Au bout de quelques années, Aïda s’impose sur la scène de la aïta et passe à l’étape supérieure. Elle devient “Tebbâa”, la chef des chikhate sur scène, et recrute au passage des disciples auxquelles elle enseigne l’art du chant et de la danse à l’ancienne. “Elle était une école, les chikhate buvaient ses paroles avant de former leur propre groupe. C’est le cas de Chikha L’hammounia, Chikha Aïcha ou encore Chikha Khadija”, explique son ancienne disciple, Chikha Fatima Chahba.
Du poison dans son lait
Même sa principale concurrente sur scène, Fatna Bent Lhoucine, plus connue du grand public, lui donne du crédit, tout en conservant une rivalité courtoise. “Quand on se croisait, on se saluait cordialement, mais ça s’arrêtait là”, explique-t-elle.
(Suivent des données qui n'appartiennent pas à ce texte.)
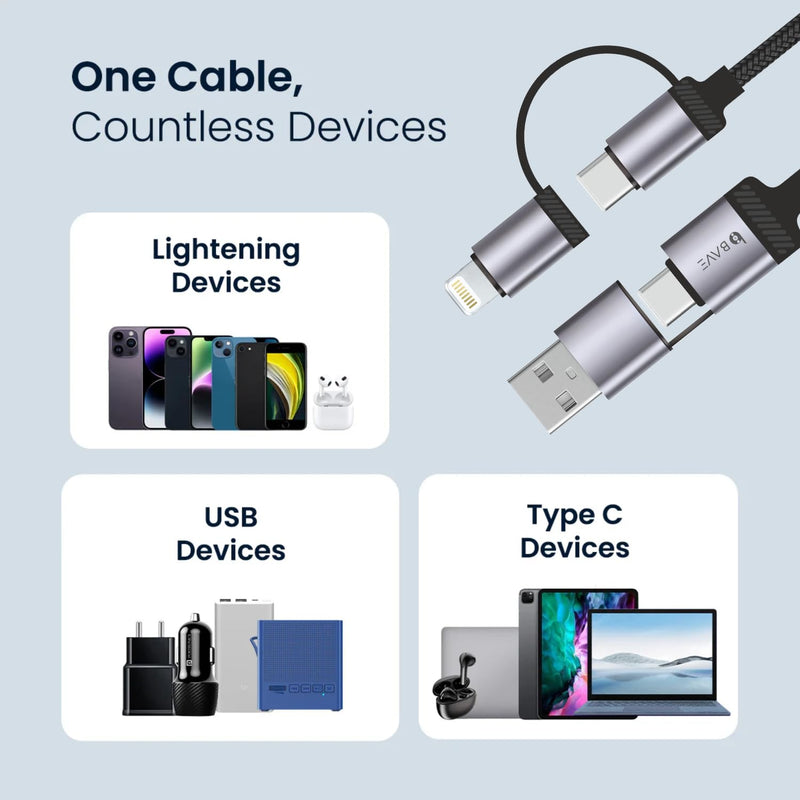 BAVE 4-in-1 100W Fast Charging Cable with USB-C & Lightning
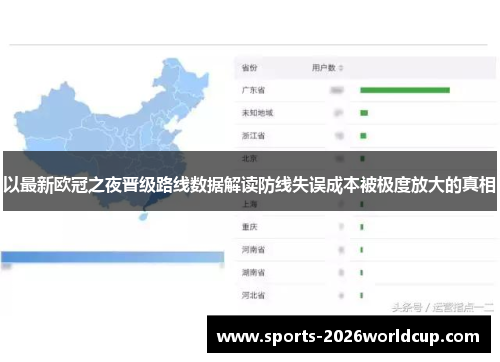 以最新欧冠之夜晋级路线数据解读防线失误成本被极度放大的真相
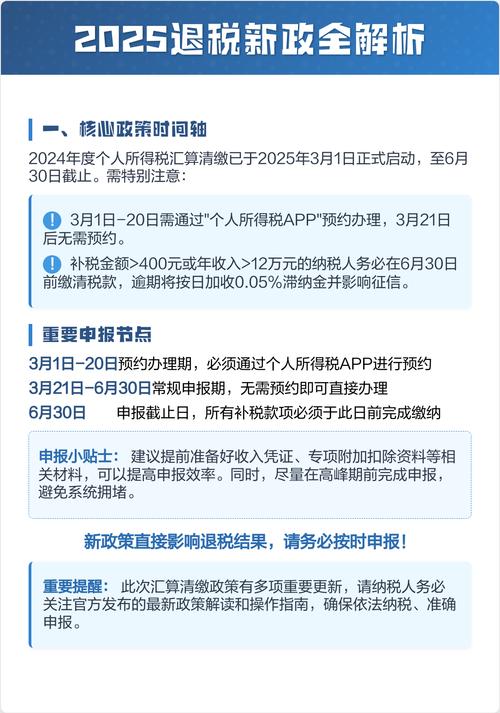 个税app怎么退税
Quant à sa fille unique, Wafaa, elle argue fièrement : “Ma mère, c’était le top. A l’époque, elle avait peur de la malédiction présagée par ses frères, donc elle ne passait jamais à la télévision, contrairement à Fatna Bent Lhoucine”, précise-t-elle. Le succès grandissant de la chikha n’empêche pas ses frères, farouchement opposés à la vie choisie par leur sœur, de lui mettre des bâtons dans les roues. L’un d’eux manque de la lapider sur scène, un autre tente même de l’assassiner par empoisonnement : “Il a mis du poison dans mon lait caillé, mais hamdoullah je l’ai échappé belle”, confie Aïda. “Pour moi, c’était étonnant parce que j’aimais faire la fête, danser et m’amuser, ils ne pouvaient rien contre ma volonté, mais au final ils ont fini par s’y faire”, poursuit-elle.
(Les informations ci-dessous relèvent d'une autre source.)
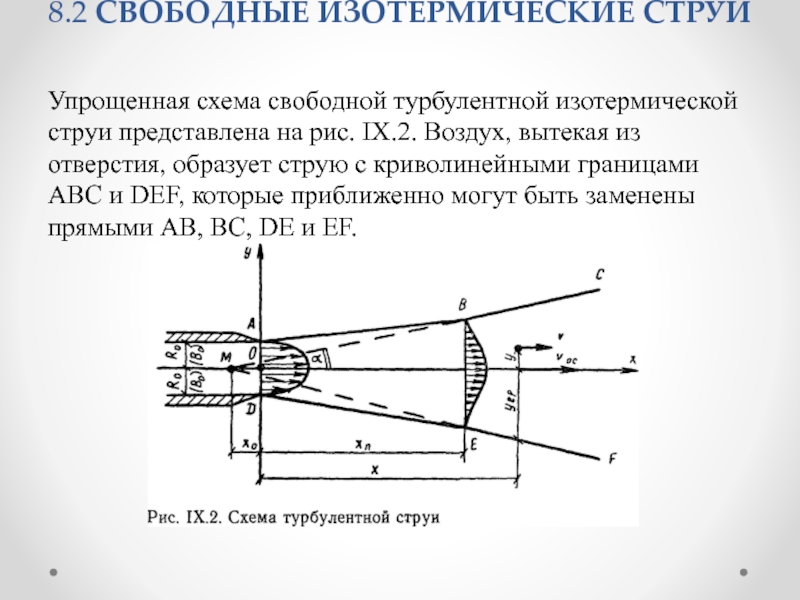 Свойства струи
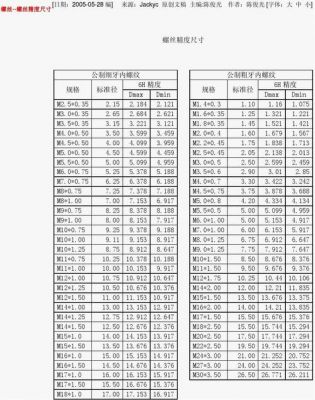 螺母4h精度内径标准（螺母上的48是什么意思）-图3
Youssef, un voisin, se souvient : “C’était une perle, elle avait une aura qui inspirait le respect” et “quand, le matin, on faisait la queue chez Si Jilali pour acheter des beignets, son coursier passait avant tout le monde”. Sept kilos de beignets pour se remettre en marche après des soirées endiablées qui se terminent jusqu’à pas d’heure. Aïda aime alors recevoir chez elle. Chikha Fatima Chahba atteste aussi de “la maison tout le temps pleine de hbab (amis)”.
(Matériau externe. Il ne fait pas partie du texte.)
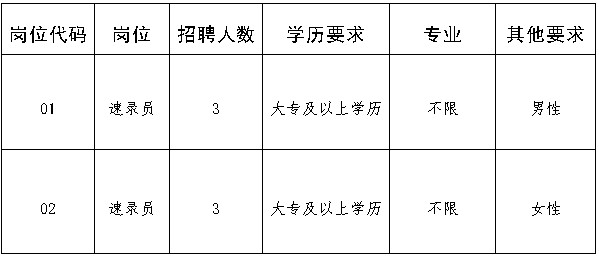 崗位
Sa popularité a dépassé les frontières de la région de Safi, au point que même le général Ahmed Dlimi l’a conviée pour des soirées privées ou publiques. “On était à notre apogée et surtout fières”, nous confie Aïda. Une apogée que la mort de Cheikh Daâbaji, en 1997, a stoppé, en précipitant sa sortie de la scène. Après 40 ans de aâyoute, Chikha Aïda a déposé le micro.